In-situ engineered ZrB2-ZrSi2-MoSi2 coatings with self-healing multiphase glass networks for superior oxidation protection at 1973 K

Recently, a research team led by Teacher Ren Xuanru, in collaboration with China University of Mining and Technology, National University of Science and Technology MISIS (Russia), and other institutions, has achieved new progress in the field of ultra-high temperature ceramic coatings. The related findings have been published in the CAS Q1 Top journal Corrosion Science (Impact Factor=8.5), under the title "In-situ engineered ZrB₂-ZrSi₂-MoSi₂ coatings with self-healing multiphase glass networks for superior oxidation protection at 1973 K". Chen Yuexing is the first author of the paper, while Researcher Ren Xuanru and Associate Researcher Ji Xiang are the corresponding authors.
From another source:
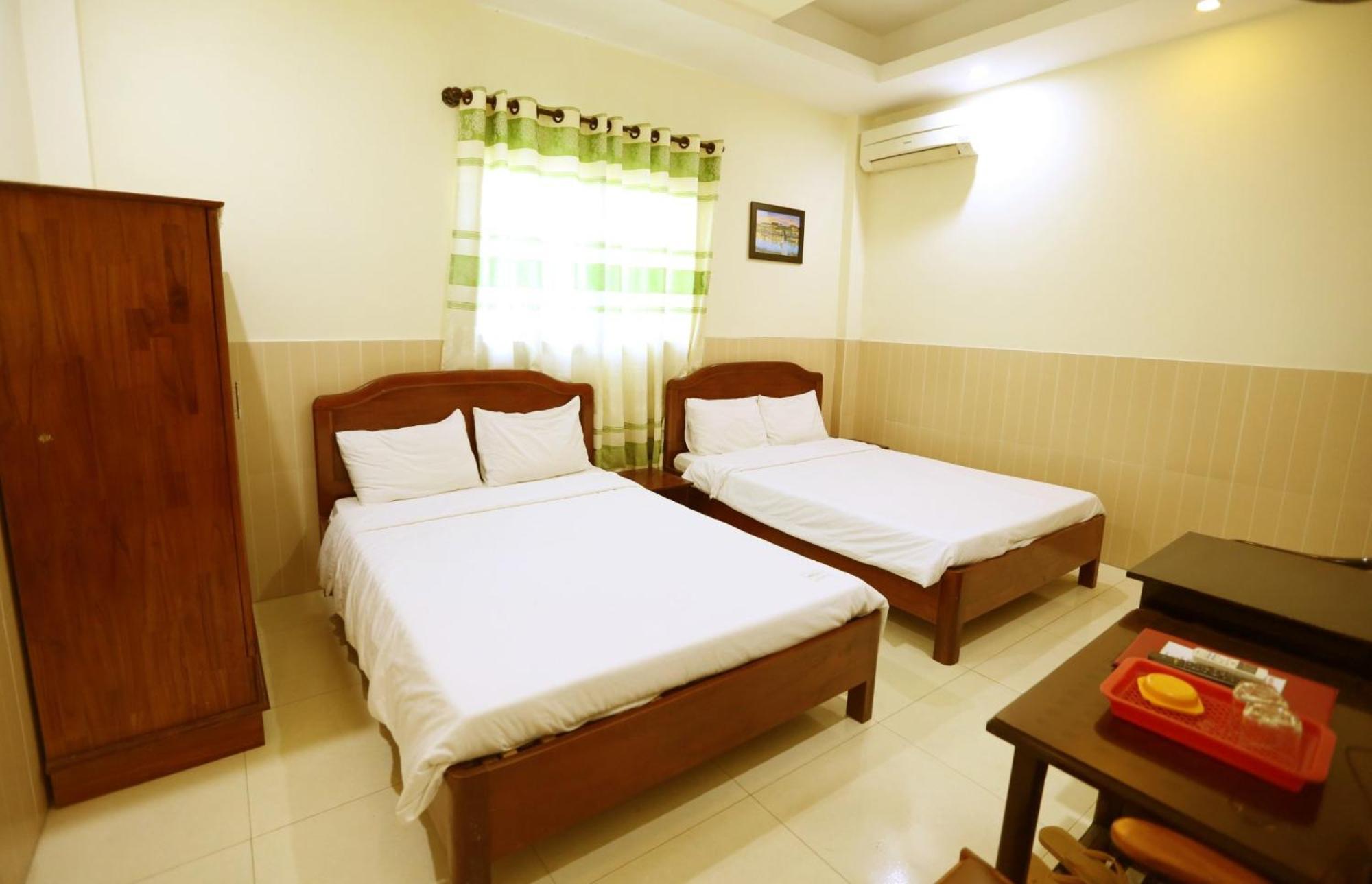 Minh Quang Hotel Хойан Экстерьер фото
Aiming to address the challenge of protective failure in ZrB₂-based coatings caused by structural loosening during oxidation, this study proposes a dual-silicide synergistically enhanced in-situ alloying strategy based on one-step powder source synthesis. This approach successfully prepared ZrB₂-ZrSi₂-MoSi₂ composite powders with precisely controllable composition, which were then used to construct high-performance anti-oxidation coatings on a graphite substrate. The optimized ZZM40 coating (with 40 vol.% MoSi₂) demonstrated a reduction in oxygen permeability and carbon loss rate by 98.21% and 84.03%, respectively, compared to the undoped coating at 1973 K, achieving a protective efficiency of 99.58%. This performance enhancement stems from the in-situ formed glass phase during oxidation, which exhibits both high fluidity and self-healing characteristics. Concurrently, the in-situ precipitated nano-scale MoB phase effectively suppresses the volatilization of B₂O₃ through a pinning effect, thereby achieving a synergistic improvement in thermal stability and oxygen barrier performance. It is noteworthy that when the MoSi₂ doping content is excessively high (50 vol.%), excessive volatilization of MoO3 leads to a decrease in the viscosity of the glass phase and triggers chain-like expansion of defects, consequently increasing the carbon loss rate of the coating by 34.43% compared to ZZM40. The in-situ alloying strategy of the powder source proposed in this study validates the defect repair mechanism enhanced by dual silicides for oxygen barrier, providing an important theoretical basis for the design and application of next-generation high-temperature thermal protection materials.